- [TASK TO COMPLETE]
Word for word, return the lines from the top of the listing to the line containing "Property at 13", both ends included, and no others.

- [MATERIAL SHOWN]
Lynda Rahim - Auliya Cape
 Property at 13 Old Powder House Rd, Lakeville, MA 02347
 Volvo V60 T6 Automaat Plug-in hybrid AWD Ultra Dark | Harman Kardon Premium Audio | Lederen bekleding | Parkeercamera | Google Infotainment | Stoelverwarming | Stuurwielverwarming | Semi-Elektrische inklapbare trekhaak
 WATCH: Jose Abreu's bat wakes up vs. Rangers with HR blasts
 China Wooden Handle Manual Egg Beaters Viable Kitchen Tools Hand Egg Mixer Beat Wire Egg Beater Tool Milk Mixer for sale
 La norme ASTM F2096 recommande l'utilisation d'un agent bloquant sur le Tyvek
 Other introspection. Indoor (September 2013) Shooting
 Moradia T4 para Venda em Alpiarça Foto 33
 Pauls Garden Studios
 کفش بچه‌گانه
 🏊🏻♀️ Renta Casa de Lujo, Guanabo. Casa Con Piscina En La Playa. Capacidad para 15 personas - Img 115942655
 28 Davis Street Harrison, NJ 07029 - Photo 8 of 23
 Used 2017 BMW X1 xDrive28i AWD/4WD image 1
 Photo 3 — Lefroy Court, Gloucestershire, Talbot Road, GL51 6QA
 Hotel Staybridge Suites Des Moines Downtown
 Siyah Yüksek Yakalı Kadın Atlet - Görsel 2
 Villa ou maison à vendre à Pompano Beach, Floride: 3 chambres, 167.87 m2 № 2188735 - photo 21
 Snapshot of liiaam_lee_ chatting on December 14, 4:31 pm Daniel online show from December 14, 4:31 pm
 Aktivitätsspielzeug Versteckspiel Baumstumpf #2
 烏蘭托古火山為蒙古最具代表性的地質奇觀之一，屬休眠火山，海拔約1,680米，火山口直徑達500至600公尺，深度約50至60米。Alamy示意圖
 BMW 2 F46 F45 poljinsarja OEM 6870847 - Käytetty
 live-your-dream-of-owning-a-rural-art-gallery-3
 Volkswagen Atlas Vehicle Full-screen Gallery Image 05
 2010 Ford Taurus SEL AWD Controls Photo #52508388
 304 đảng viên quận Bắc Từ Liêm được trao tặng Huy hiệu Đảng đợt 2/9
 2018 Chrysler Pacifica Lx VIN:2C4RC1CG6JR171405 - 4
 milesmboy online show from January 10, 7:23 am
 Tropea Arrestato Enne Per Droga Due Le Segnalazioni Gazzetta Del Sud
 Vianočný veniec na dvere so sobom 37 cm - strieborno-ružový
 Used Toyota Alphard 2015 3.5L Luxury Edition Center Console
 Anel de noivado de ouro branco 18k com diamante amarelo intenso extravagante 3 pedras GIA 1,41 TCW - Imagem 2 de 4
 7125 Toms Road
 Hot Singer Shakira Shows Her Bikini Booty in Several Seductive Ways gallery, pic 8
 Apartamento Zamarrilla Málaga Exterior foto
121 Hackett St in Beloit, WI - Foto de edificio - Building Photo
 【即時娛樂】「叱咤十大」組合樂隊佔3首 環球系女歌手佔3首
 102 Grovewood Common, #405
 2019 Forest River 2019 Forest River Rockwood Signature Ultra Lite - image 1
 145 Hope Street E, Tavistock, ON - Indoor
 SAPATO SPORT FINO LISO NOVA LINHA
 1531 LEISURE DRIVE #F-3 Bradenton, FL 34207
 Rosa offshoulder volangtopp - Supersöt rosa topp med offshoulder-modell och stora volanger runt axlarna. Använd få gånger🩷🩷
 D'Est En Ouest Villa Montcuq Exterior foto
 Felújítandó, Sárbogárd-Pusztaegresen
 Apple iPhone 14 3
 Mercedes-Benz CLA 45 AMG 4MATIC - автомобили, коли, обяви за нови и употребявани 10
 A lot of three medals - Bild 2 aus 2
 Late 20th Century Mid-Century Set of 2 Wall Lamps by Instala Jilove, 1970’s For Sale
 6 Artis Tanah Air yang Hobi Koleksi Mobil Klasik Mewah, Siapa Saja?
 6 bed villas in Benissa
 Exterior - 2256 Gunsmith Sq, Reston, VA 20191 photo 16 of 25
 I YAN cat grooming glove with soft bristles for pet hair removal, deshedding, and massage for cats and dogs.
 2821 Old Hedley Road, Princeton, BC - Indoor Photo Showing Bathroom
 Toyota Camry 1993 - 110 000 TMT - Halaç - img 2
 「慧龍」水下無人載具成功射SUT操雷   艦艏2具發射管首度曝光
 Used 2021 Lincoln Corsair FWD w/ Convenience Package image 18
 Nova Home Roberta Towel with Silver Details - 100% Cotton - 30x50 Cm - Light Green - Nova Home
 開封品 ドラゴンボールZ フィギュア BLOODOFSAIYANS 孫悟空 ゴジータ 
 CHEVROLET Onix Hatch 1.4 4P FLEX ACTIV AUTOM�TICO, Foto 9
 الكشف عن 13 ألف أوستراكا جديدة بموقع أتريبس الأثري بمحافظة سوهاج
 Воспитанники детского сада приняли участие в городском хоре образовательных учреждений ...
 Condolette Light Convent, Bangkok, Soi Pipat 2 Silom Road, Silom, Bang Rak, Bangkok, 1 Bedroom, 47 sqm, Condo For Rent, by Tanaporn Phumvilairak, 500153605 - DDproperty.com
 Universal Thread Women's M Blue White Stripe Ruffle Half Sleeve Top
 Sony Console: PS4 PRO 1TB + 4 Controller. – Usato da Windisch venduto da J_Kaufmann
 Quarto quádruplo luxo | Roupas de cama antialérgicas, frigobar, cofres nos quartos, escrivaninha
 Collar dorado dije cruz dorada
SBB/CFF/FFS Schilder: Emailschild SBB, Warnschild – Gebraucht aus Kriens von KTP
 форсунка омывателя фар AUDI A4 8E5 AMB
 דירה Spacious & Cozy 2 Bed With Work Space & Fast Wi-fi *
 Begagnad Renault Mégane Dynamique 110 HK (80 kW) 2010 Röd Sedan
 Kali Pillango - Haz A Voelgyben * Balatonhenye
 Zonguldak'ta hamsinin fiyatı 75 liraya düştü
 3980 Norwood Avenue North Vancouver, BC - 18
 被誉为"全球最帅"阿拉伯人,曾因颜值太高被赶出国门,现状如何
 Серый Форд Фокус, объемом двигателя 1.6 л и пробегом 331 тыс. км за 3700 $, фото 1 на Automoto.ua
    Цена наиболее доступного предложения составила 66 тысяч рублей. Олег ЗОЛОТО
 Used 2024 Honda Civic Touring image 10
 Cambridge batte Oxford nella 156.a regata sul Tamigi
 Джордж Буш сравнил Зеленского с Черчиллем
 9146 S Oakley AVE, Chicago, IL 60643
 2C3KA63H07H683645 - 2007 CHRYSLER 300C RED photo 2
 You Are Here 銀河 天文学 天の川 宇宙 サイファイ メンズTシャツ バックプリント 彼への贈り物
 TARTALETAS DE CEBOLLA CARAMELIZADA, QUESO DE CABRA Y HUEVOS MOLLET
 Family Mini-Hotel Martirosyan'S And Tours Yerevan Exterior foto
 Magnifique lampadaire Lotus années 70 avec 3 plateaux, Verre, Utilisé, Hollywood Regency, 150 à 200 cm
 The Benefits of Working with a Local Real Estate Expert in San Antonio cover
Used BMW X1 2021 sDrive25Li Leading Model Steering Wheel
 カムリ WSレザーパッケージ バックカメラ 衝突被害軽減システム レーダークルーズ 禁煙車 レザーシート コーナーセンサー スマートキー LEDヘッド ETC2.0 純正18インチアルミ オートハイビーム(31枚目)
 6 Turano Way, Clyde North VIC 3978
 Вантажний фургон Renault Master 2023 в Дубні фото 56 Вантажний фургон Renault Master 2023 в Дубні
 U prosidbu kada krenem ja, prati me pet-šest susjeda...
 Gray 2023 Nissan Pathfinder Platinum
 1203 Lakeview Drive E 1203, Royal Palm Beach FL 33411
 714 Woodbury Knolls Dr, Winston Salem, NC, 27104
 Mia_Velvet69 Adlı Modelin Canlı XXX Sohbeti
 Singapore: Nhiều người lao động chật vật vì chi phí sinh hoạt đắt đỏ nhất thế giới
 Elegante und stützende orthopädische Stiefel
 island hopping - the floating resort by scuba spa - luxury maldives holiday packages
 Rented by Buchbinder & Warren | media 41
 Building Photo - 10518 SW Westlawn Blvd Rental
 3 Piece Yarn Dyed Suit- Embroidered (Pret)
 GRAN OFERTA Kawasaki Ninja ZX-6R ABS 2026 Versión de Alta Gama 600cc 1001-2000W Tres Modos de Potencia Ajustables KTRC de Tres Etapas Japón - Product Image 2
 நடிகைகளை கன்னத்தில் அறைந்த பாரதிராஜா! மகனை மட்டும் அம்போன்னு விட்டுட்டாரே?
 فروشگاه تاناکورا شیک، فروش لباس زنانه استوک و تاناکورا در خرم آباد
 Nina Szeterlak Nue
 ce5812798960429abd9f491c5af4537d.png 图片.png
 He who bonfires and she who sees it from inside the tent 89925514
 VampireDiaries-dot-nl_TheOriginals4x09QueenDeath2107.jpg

- [FINISHED EXERCISE]
Lynda Rahim - Auliya Cape
 Property at 13 Old Powder House Rd, Lakeville, MA 02347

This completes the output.